It turns out that a long Rosé-induced work lunch might not be a bad thing after all.

Mike Hutcheson, author of Relax and Grow Rich, says your best ideas are when you are relaxed, and alcohol helps with this.

"When you look through the pantheon of great innovation and great creation it's always when people have been relaxed," Hutcheson said.

"An accelerator of thinking easy is just a bit of alcohol, up to a certain point."


This comes after a recent study in the Harvard Business Review posited that people are better at creative problem-solving under the guise of alcohol.

The research, conducted by professor Andrew Jarosz and colleagues out of Mississippi State University, tested two controlled groups' abilities to answer a series of word association problems from a creative problem-solving assessment called the Remote Associates Test.

One group was sober, the other had blood alcohol levels that neared legal intoxication (.075).

Sample questions included "What word relates to these three: 'duck,' 'dollar,' 'fold'?" The answer is "bill".

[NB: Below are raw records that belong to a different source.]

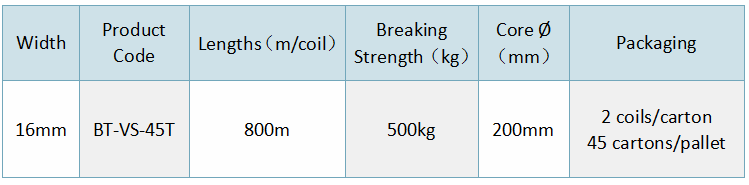 16mm Polyester Composite Strapping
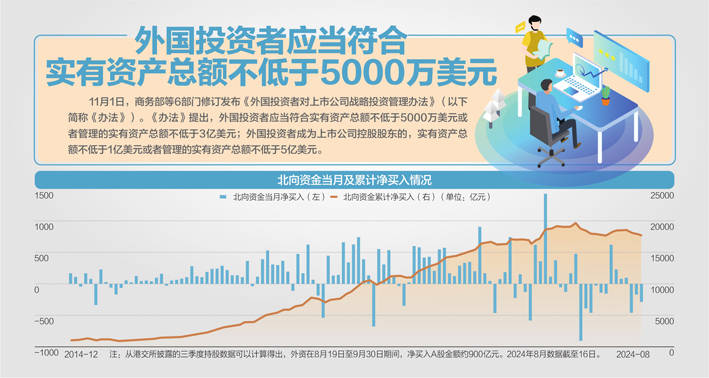 增资超百亿！这家A股巨头最新公告，背后战投大有来头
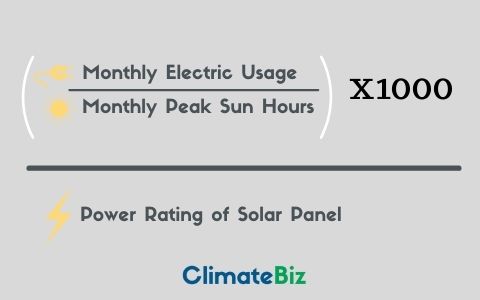 Solar panel formula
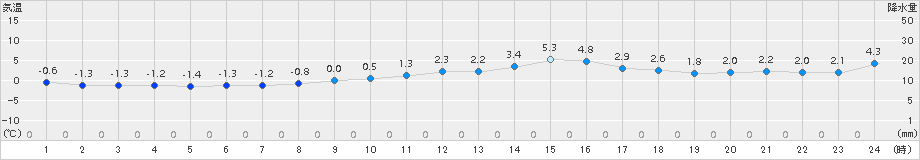 若柳(>2017年01月07日)のアメダスグラフ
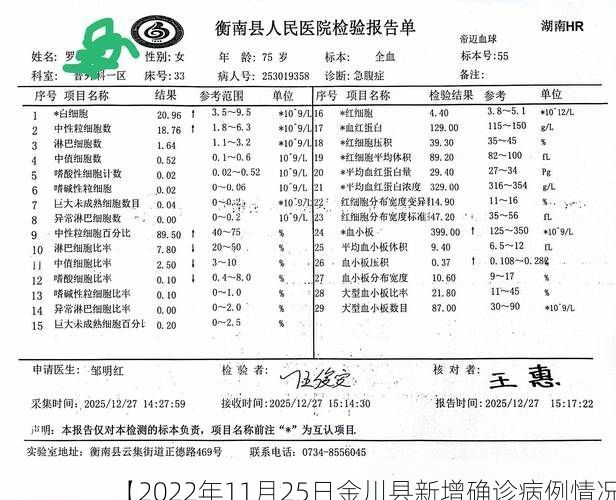 【2022年11月25日金川县新增确诊病例情况】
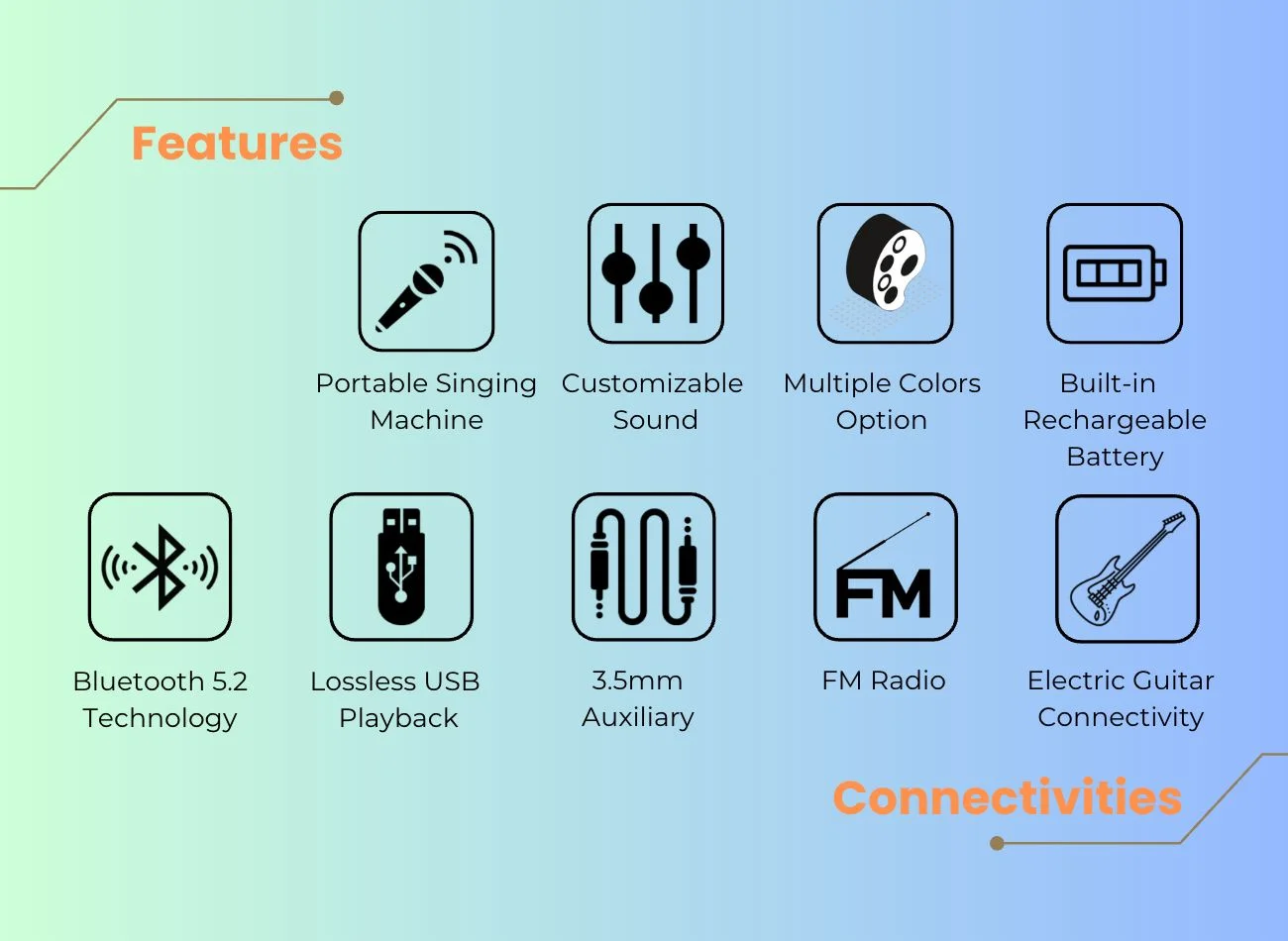 Portable Karaoke Speaker Features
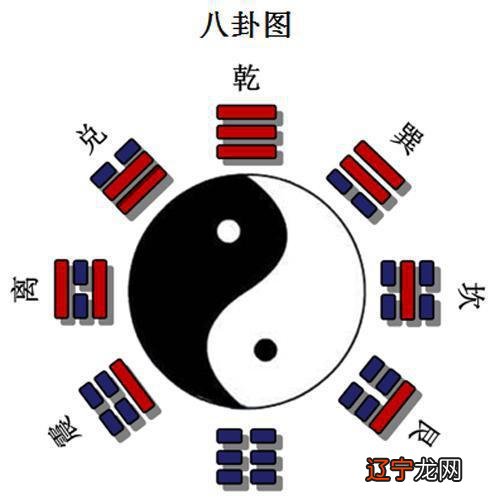 组图 周易八字测算介绍八字算命工具是紫微府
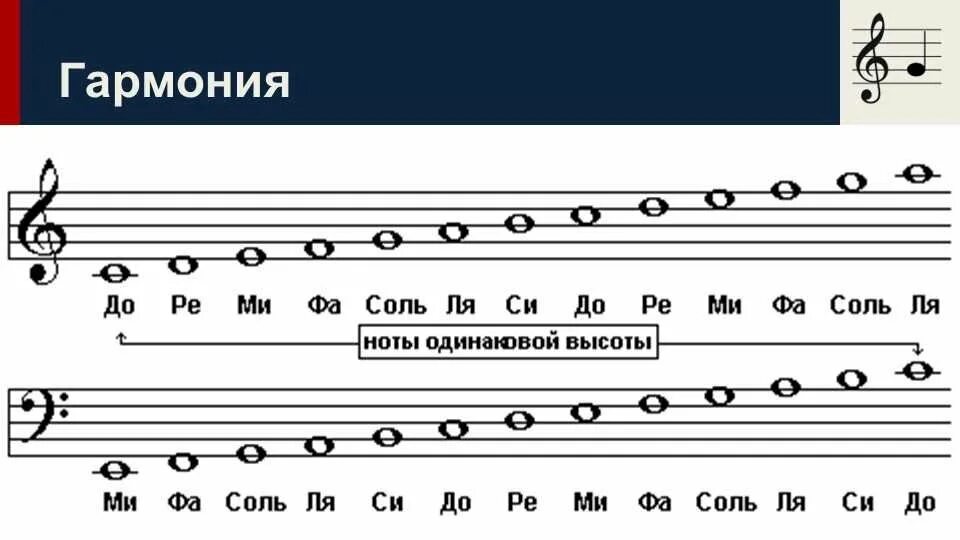 Ноты большой октавы. Басовый ключ малая Октава. Басовый ключ первая Октава. Басовый ключ октавы. Басовый ключ малая Октава Ноты.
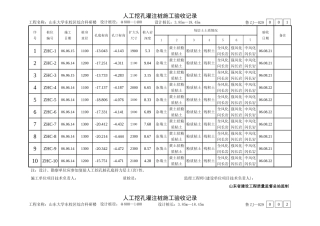人工挖孔灌注桩施工验收记录
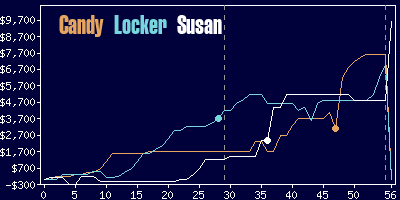 Game dynamics graph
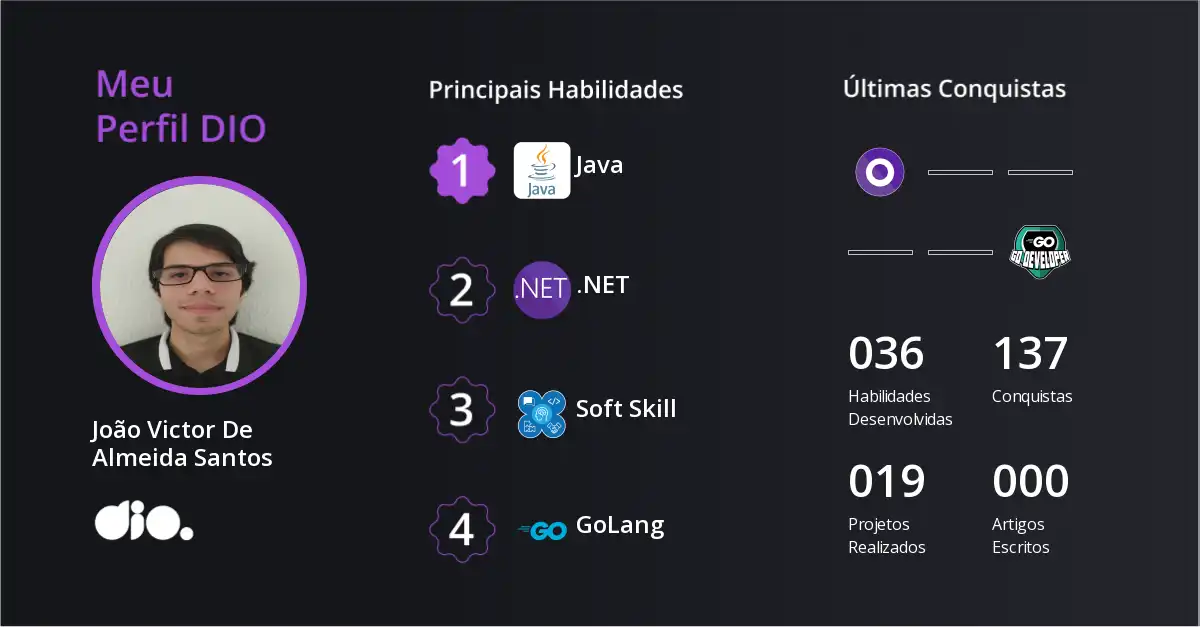 João Victor De Almeida Santos — DIO Community Profile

The group who imbibed gave more correct answers, and arrived at the solutions quicker than those who were sober.

"You often hear of great writers, artists, and composers who claim that alcohol enhanced their creativity, or people who say their ideas are better after a few drinks. We wanted to see if we could find evidence to back that up," Jarosz told Harvard Business Review.

"We found that the tipsy people solved two to three more problems than folks who stayed sober. They also submitted their answers more quickly within the one-minute-per-question time limit, which is maybe even more surprising.

"In an exercise like the RAT, it's important not to fixate on your first thought, and alcohol seems to help that seemingly irrelevant stuff slip in."


However, Hutcheson warns that alcohol doesn't advance insight, but may reduce inhibitions which could lead to the creation of great ideas.

"It's not because of alcohol, it's because at a certain point you're relaxed with comrades and your inhibitions about status and differences have disappeared and your speaking in vino veritas [Latin: In wine, truth; English: What soberness conceals, drunkenness reveals]," Hutcheson said.

"Inebriation is bad, a lack of inhibition is good and lack of inhibition enables good things to float to the surface when your able to express good ideas."

Hutcheson believes more bosses should be looking to take meetings away from boardrooms and into more relaxed settings, including bars.

"Rather than impose strictures on what we call corporate entertainment, we should actually subsidise it, because that's when the best ideas happen," he says.

The experiment involved 20 male subjects between the ages of 21 to 30. The group were served three vodka cranberry cocktails over a 30-minute period. The ratio of alcohol to juice was always 1:3, but heavier people got bigger drinks.

To eliminate intelligence imbalance, the participants were tested prior to being placed into their groups.